DATASET EXTRACT>

——————

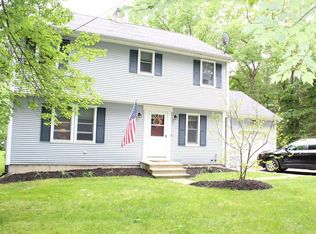 264 Oxford Rd, Charlton, MA 01507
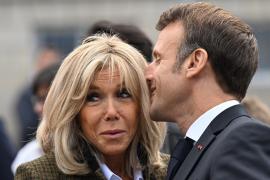 Pentru prima dată, Macron dezvăluie reacția părinților când le-a spus că are o relație cu Brigitte, profesoara cu 25 de ani mai mare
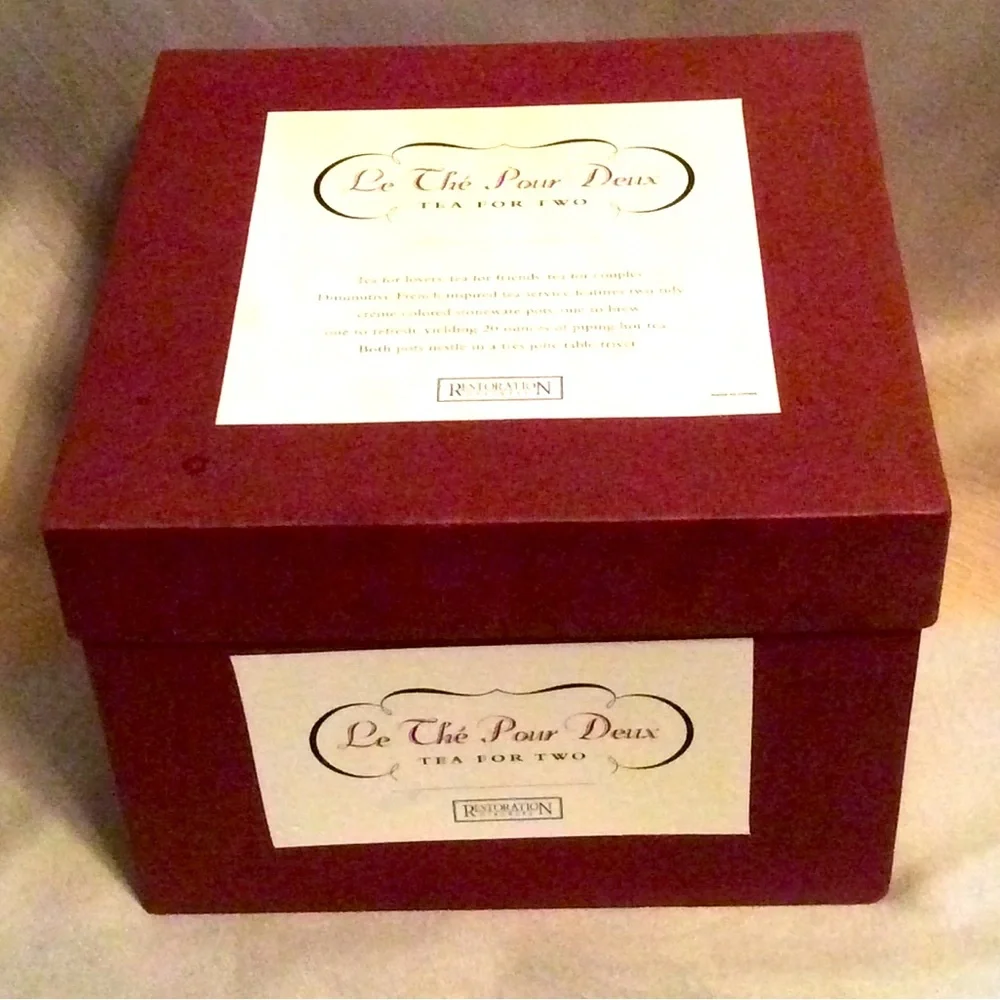 Restoration Hardware le pour duex tea for two 2 in original box 2001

——————

PROBLEM TO WORK ON>
Every line above goes into your copy exactly; no images go in.

TASK SOLUTION>
 264 Oxford Rd, Charlton, MA 01507
 Pentru prima dată, Macron dezvăluie reacția părinților când le-a spus că are o relație cu Brigitte, profesoara cu 25 de ani mai mare
 Restoration Hardware le pour duex tea for two 2 in original box 2001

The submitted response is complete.